───── Records provided

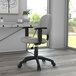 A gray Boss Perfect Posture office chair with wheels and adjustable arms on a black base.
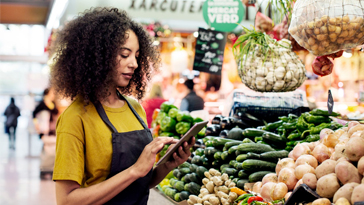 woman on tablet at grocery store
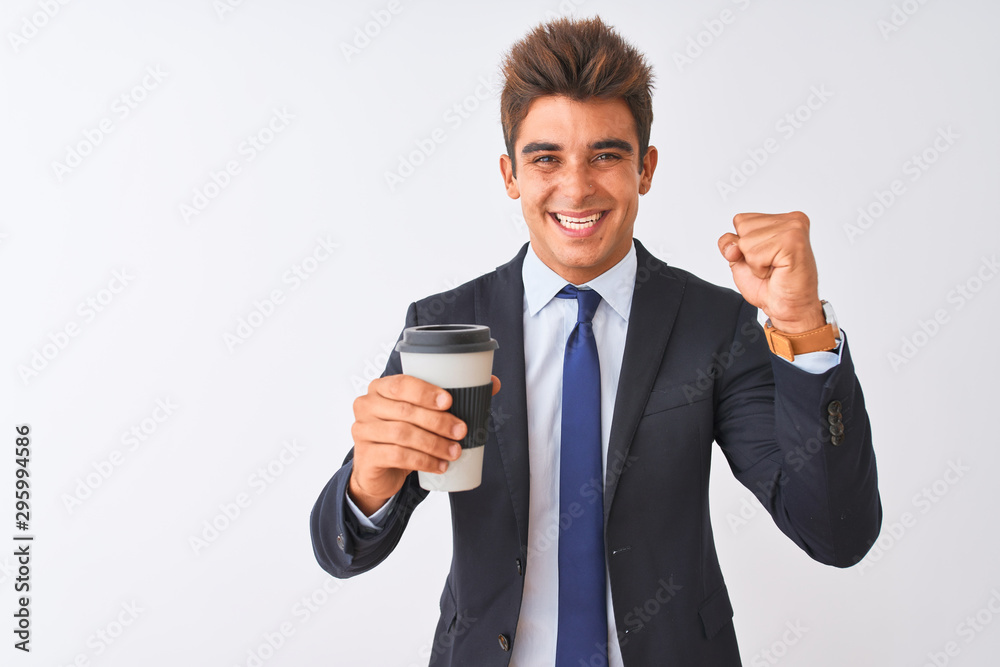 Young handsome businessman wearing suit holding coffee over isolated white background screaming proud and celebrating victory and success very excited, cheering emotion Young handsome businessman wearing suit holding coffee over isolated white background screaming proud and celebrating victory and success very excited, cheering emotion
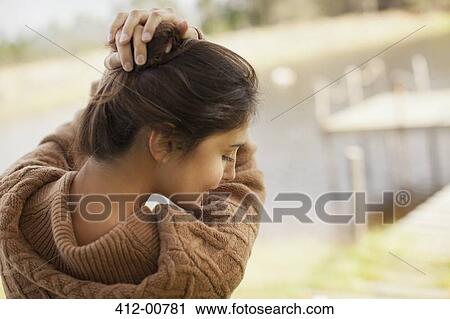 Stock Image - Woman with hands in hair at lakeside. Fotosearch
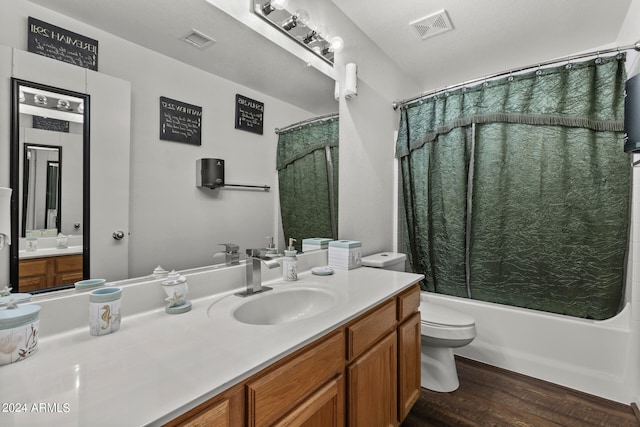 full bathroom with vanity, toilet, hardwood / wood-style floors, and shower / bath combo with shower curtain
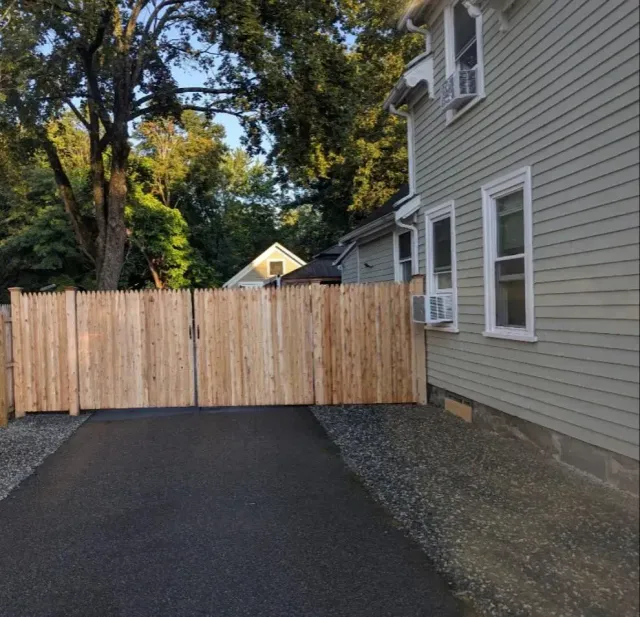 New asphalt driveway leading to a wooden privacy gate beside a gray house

──────────
───── Records provided

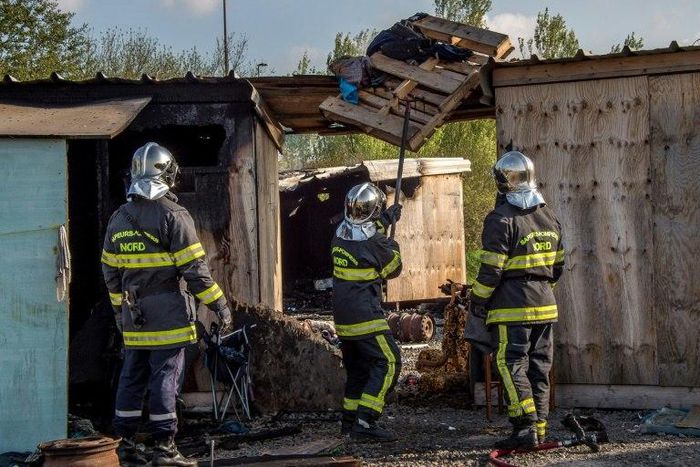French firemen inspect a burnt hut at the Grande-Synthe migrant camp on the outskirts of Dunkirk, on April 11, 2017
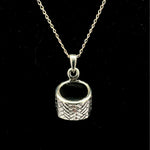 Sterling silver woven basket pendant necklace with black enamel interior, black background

──────────

Required work – Write out again exactly the lines above from the one with "A gray Boss" through the one with "woman on tablet at grocery store", adding no other lines and no pictures.

Your solution –
 A gray Boss Perfect Posture office chair with wheels and adjustable arms on a black base.
 woman on tablet at grocery store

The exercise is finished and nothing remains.